Ode to all the jumped-up student societies

Sit down, shut up

| UPDATED Cambridge Union column

Cambridge is a strange and fickle beast.

In many ways, it’s one of the best places I have ever lived. Where do I start? It looks like the love-child of the Clintons’ Christmas card department and the Hogwarts School for Witchcraft and Wizardry, it’s full of exciting people who are passionate about life (or, at the very least, about Life), and, in my whole time here, I’ve honestly never had a boring day.

Then again, that might just be due to my heinously short attention span and tendency to befriend total strangers.

But in the two years I’ve spent in these hallowed halls (okay, I go to Churchill: brutalist walls), there’s always been something wrong with the people here. Or, at least, with that generally Humanities-studying, society-active, student-media-savvy crowd I spend most of my free time with.

Ahh, the true Cambridge experience, I can just about see it out there from my cell window

For a long time, I made the grand mistake of thinking that this select group actually represents the university.
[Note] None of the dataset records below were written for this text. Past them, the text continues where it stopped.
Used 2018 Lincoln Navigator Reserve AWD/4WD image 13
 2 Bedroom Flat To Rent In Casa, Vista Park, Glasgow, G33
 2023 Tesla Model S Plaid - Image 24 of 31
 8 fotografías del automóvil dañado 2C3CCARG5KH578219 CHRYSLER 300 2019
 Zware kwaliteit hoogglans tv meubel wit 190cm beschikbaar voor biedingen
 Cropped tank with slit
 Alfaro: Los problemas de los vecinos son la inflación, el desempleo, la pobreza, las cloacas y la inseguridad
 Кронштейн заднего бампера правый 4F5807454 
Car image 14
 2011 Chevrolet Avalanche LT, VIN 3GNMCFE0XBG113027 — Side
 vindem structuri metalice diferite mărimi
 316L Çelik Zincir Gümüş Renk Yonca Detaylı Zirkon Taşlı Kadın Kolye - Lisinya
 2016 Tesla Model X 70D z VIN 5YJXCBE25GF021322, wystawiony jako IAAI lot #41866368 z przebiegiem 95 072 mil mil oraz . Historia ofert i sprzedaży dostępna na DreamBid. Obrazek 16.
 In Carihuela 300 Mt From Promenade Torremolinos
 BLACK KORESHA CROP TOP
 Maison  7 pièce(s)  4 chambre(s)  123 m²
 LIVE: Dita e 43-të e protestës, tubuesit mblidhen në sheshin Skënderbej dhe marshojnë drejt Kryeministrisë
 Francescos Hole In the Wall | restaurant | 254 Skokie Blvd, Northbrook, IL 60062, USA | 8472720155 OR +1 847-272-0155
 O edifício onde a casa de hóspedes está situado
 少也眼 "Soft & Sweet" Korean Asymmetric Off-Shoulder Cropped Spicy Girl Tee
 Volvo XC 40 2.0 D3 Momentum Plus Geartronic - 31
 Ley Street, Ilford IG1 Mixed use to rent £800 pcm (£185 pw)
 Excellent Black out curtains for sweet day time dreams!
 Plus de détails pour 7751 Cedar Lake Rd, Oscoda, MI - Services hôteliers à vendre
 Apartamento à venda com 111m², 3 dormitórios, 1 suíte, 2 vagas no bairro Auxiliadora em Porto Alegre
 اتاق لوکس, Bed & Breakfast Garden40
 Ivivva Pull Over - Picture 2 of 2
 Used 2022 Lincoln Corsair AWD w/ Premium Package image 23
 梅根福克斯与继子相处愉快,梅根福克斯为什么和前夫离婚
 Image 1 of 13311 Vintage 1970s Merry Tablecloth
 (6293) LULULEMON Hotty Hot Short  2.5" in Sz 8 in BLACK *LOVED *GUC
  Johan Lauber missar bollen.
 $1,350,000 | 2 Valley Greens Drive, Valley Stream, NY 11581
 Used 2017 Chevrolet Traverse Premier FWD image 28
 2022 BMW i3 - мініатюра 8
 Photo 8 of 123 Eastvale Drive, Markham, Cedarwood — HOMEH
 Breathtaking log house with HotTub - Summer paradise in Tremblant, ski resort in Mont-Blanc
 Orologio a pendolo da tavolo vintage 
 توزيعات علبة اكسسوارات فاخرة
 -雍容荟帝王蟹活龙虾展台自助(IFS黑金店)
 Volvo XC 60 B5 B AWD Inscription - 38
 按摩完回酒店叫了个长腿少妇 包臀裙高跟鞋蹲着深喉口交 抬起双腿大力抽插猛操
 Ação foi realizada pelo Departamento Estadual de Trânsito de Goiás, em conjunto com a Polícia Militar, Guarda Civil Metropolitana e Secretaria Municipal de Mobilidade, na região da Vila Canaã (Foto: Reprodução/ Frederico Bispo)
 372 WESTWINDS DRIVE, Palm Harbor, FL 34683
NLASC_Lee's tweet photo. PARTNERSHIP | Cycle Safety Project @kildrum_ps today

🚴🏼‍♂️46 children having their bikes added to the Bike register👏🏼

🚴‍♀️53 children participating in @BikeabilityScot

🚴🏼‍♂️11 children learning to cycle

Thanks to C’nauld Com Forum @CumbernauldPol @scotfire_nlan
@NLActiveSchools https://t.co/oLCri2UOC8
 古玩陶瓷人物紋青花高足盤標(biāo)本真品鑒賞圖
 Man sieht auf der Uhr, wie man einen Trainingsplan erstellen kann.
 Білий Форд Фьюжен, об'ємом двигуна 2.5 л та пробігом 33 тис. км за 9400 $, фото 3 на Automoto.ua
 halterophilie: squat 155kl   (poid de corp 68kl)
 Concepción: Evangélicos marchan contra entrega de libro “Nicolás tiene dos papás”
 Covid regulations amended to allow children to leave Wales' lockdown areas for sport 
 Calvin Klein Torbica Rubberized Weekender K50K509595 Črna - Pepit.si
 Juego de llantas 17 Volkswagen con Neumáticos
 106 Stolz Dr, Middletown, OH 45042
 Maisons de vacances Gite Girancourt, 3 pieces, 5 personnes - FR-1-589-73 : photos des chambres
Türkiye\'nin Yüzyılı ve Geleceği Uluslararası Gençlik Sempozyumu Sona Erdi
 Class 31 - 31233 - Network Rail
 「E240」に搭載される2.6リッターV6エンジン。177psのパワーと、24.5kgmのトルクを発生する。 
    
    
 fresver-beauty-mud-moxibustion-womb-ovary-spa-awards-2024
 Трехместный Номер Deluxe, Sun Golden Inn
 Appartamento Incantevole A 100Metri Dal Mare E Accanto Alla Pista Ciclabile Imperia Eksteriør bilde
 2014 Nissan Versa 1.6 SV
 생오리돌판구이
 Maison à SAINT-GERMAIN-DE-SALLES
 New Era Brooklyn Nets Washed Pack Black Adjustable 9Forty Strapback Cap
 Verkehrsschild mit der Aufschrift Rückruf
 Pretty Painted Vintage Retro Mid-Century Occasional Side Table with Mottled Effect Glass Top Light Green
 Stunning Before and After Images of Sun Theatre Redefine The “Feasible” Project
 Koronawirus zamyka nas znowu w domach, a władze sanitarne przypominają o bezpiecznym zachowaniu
A house party I went to last week proved me wrong.

I was chatting to the brother of one of my acquaintances and was shocked to find out he was in fact a third year and not a fresher. “But I’ve never seen your face before!” I crowed (hiccuping slightly). “Where have you been hiding this whole time? You weren’t on the scene.”

It was a cringey, dumbass moment, and indeed his own expression belied a strong sentiment of ‘lol who dis b*tch’ when he enquired as to what exactly ‘The Scene’ was. And that’s when it dawned on me.

He hadn’t been ‘hiding’ anywhere, he simply wasn’t one of those people who’s constantly plastered all over The Tab and/or TCS and/or The Union and/or Facebook. And in my slightly wavey mind, that meant he wasn’t ‘part of it.’

You can’t sit with us.

But what is ‘it’, exactly? The recent furore over the Union’s internal collapse and referendum announcement exposed the rather self-obsessed underbelly of this sector of the Cambridge society. It’s made up of several dozen individuals who all ardently like each others’ statuses, who each are part of at least two committees, who rule the Tab Disqus thread and who probably look a lot cooler on Facebook than they actually are in real life, or within college. I would know – I’m one of them.

Individually, they’re all lovely. Intelligent, inspiring, driven and endlessly fascinating – at least, to each other. But the fundamental illusion that they – we, in fact – have all come to believe in is that the rest of Cambridge actually care when the next bit of playground politics arises on social media. Hell, that they even know we exist.

A part of me (probably the same part staring at the gaping hole in my CV under ‘extracurriculars’) loathes to admit this, but The Cambridge Union, my own beloved Tab, all of them – they’re all castles in the sky. And whilst the people in charge are sitting in 6 hour crisis talks simultaneously trying to carve out a letter of apology to our supervisors for once again missing that essay deadline, or sweet-talking that society contact for a statement, the rest of the university is quietly getting on with their degrees, probably getting a far better mark than us, and almost certainly not giving a fuck when the latest ~development~ emerges.

Artist’s representation of the actual value of those 10 weeks’ blood, sweat and tears

Yeah, so sometimes shit we write gets picked up by national news. But is that really a good thing? With great power comes great responsibility… such as getting the facts exactly right, and making sure that unlikely scenario and all possible consequences have been envisaged. I’m not saying the British government’s decision to cease guarding Assange recently was anything to do with the referendum hitting national news earlier the same day – but it’s a bit of a weird, timely coincidence, is it not? Who knows what the government’s decision may mean for Assange in the near future. Whether he’s guilty or not, are we, as mere undergraduates vested with a tiny bit of nominal power, really qualified to have influenced his future in this way? Or was it really just an odd coincidence, and I, too, am guilty of building a castle on top of this castle in the sky?

By all means, guys, keep doing what you’re doing. Run the societies – someone has to. Enjoy the position you’ve fought hard (sometimes) to secure. I am being entirely genuine when I say that I have a ridiculous amount of respect for all you have achieved, and some of you continue to inspire me.

But – and this is the crux – when it all goes tits up… take it with a pinch of salt. Remember that simultaneously horrible and reassuring fact: whatever decisions you make, whatever friendship cords you sever and whatever sacrifices you offer up, it’s not the real world. It’s merely a microcosm. And for the average Cambridge undergrad, all that blood sweat and tears adds up to precisely 30 seconds of fucks-given whilst they’re bored and procrastinating on Facebook.

After graduation, you may well have 40-50 years of this drama to deal with. Save your energy. Enjoy your time here – and don’t sweat the small stuff.